## Assigned task
Copy out exactly the stretch below, from the line with "Snapshot of erapody" through the line with "New 2026 Nissan", both included; the pictures stay out.

## Materials provided
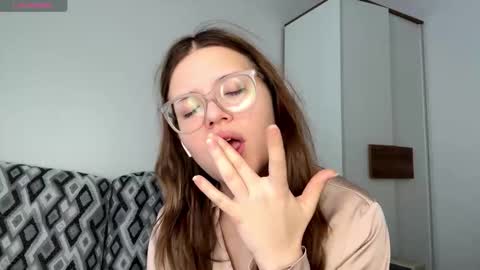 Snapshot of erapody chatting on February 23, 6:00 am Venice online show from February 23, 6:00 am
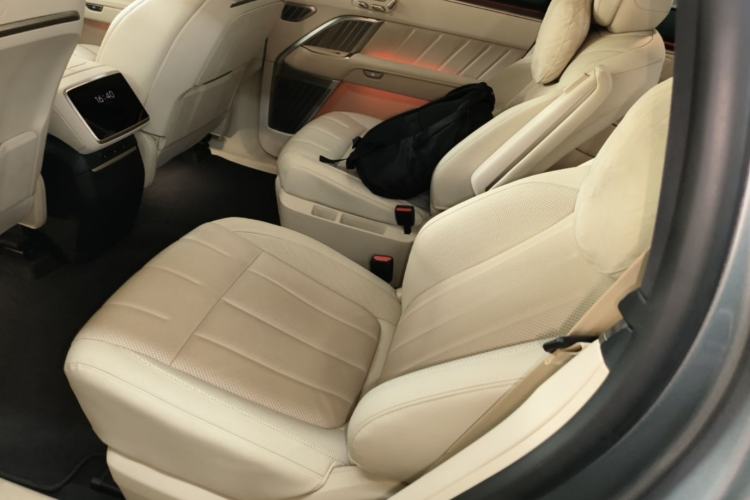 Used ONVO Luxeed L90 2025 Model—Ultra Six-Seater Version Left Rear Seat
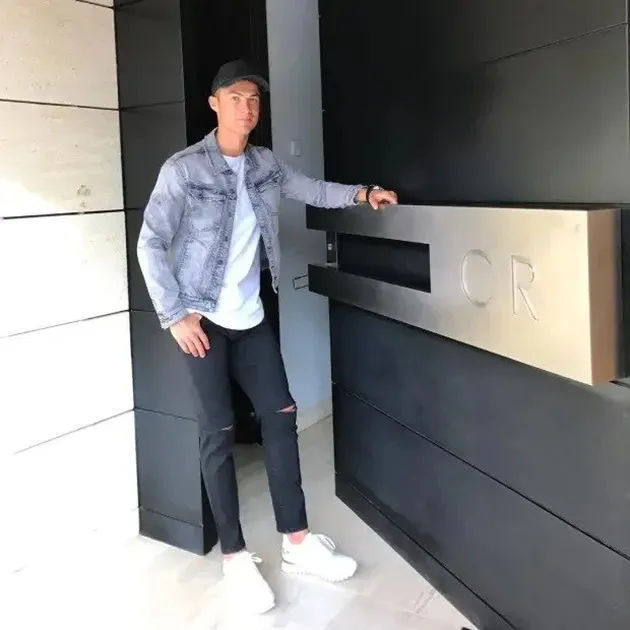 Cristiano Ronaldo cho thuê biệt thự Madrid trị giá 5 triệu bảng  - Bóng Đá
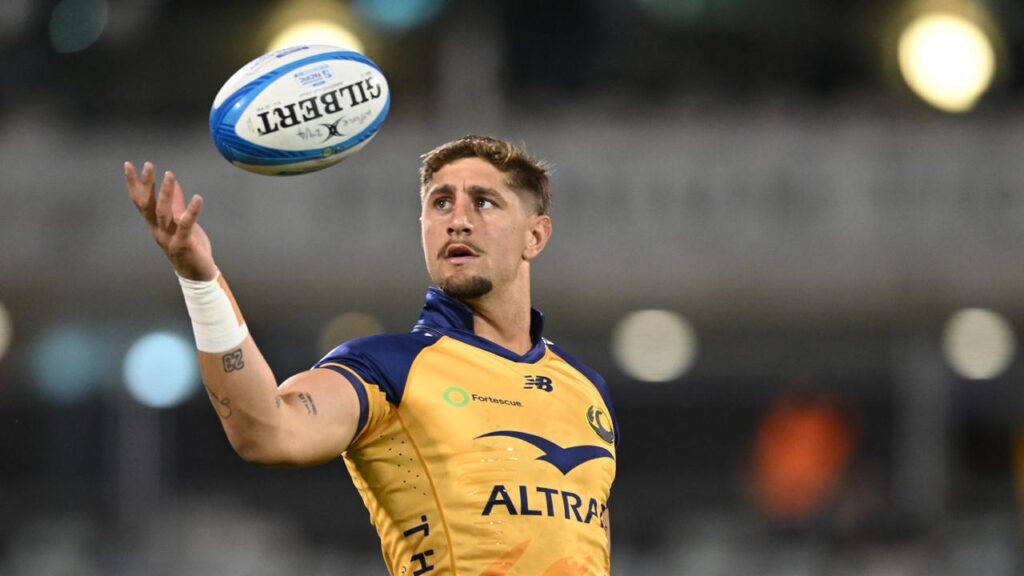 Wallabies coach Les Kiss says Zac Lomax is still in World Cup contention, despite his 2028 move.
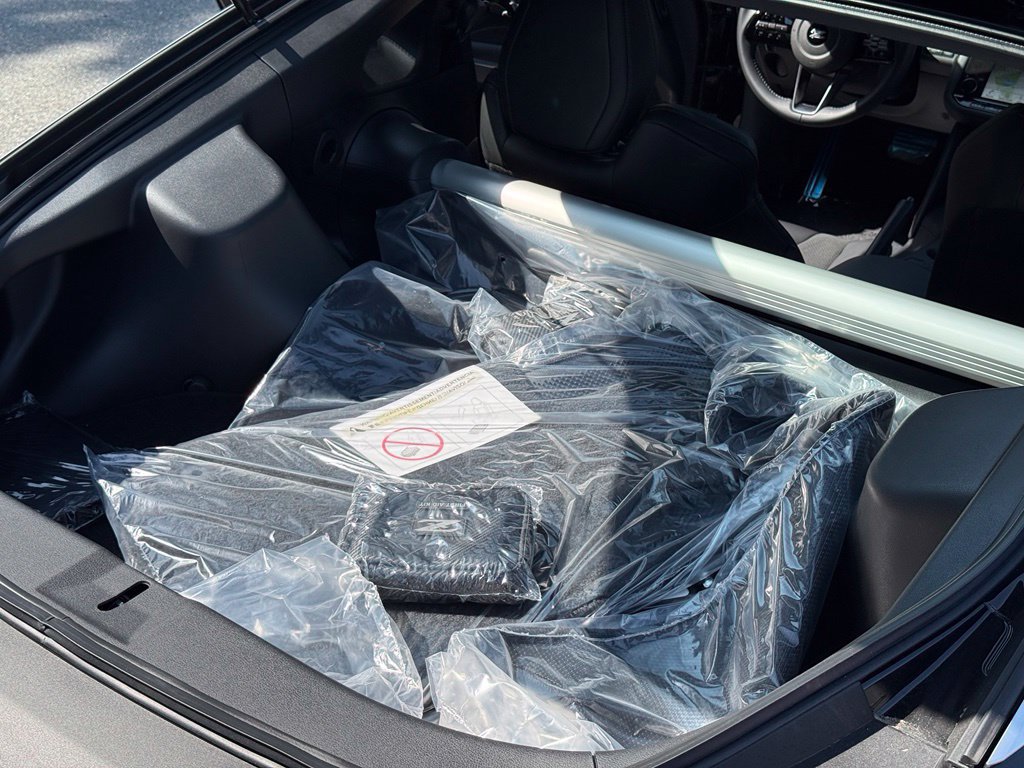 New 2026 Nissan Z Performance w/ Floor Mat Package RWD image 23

--

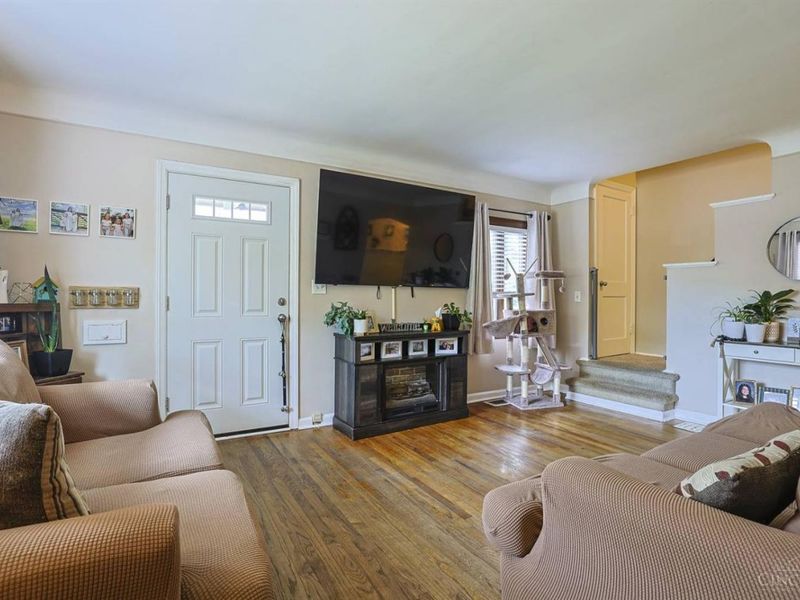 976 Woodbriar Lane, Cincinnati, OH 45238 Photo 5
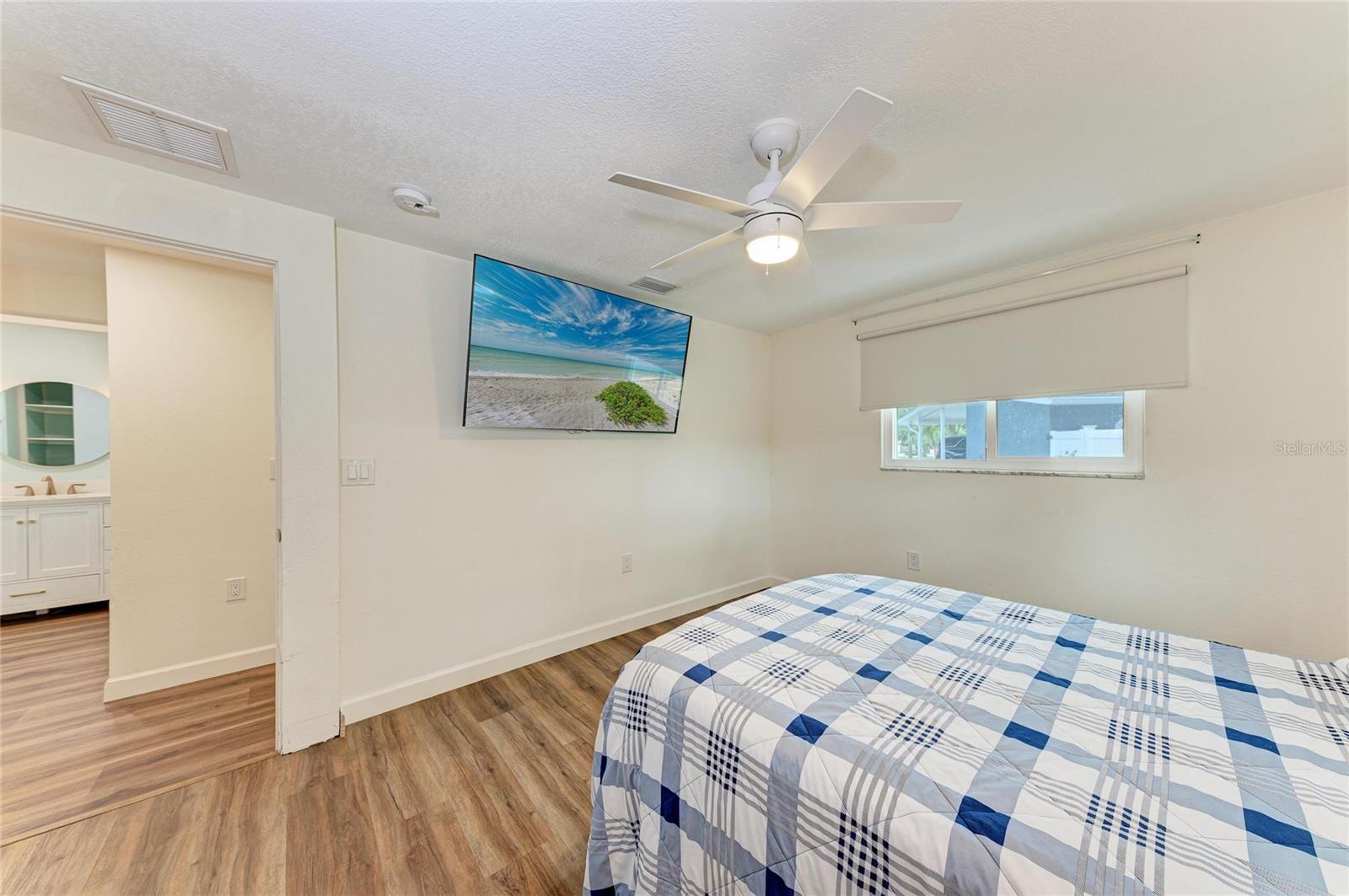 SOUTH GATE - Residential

## Response to the exercise
 Snapshot of erapody chatting on February 23, 6:00 am Venice online show from February 23, 6:00 am
 Used ONVO Luxeed L90 2025 Model—Ultra Six-Seater Version Left Rear Seat
 Cristiano Ronaldo cho thuê biệt thự Madrid trị giá 5 triệu bảng  - Bóng Đá
 Wallabies coach Les Kiss says Zac Lomax is still in World Cup contention, despite his 2028 move.
 New 2026 Nissan Z Performance w/ Floor Mat Package RWD image 23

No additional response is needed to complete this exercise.